No puedo estar pelando gambas y escuchando al marido de Letizia Ortiz, no puedo. Yo sabía que en la pantalla estaba Felipe VI, y que el hombre se esforzaba para llamar nuestra atención, pero lo siento, entre gamba y Rey, gamba. Mi familia no perdona. Oveja que bala, gamba que pierdes. Ni me preocupé porque el jefe de Estado no habla para las familias en Nochebuena. Lo sabemos. Habla para los expertos áulicos, para los medios escritos y hablados, esos que recogerán al día siguiente sus palabras, esos que interpretan lo que el señor dice como se interpreta un manuscrito hallado de la niñez de la historia.

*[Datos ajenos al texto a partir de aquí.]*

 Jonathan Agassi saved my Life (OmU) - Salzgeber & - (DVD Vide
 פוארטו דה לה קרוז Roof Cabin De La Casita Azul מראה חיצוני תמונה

Es al día siguiente cuando el discurso real adquiere su auténtica dimensión porque es cuando de verdad se ve al buen hombre abriendo los informativos, que trocean el sermón a cachos de interés, que si economía, que si sociedad, que si Cataluña.

Alucino con lo que ven los expertos, alucino viendo cómo sacan punta del lugar que ocupan las banderas, española y europea, y de su tamaño, de las fotos desperdigadas encima de los muebles, del tipo de planos, que si corto, que si medio, nunca primer plano, que si plano general, que si un busto de Carlos III, que si un par de libros del patrimonio o dos cuadros del XVIII. A todo le sacan punta. En todo ven mensajes más allá del mensaje. Menos mal que no han sacado al botarate Josie para analizar el color de la corbata, el tono de la camisa y el empaque del traje de su majestad.

Total, que temprano, para escribir esta pieza con propiedad, encendí la tele ayer por la mañana a ver si repetían los 12 minutos. Tú vales mucho para Dios, amén, me dijo un evangélico en La 2. Y apagué el chisme. Y esto es lo que me ha salido.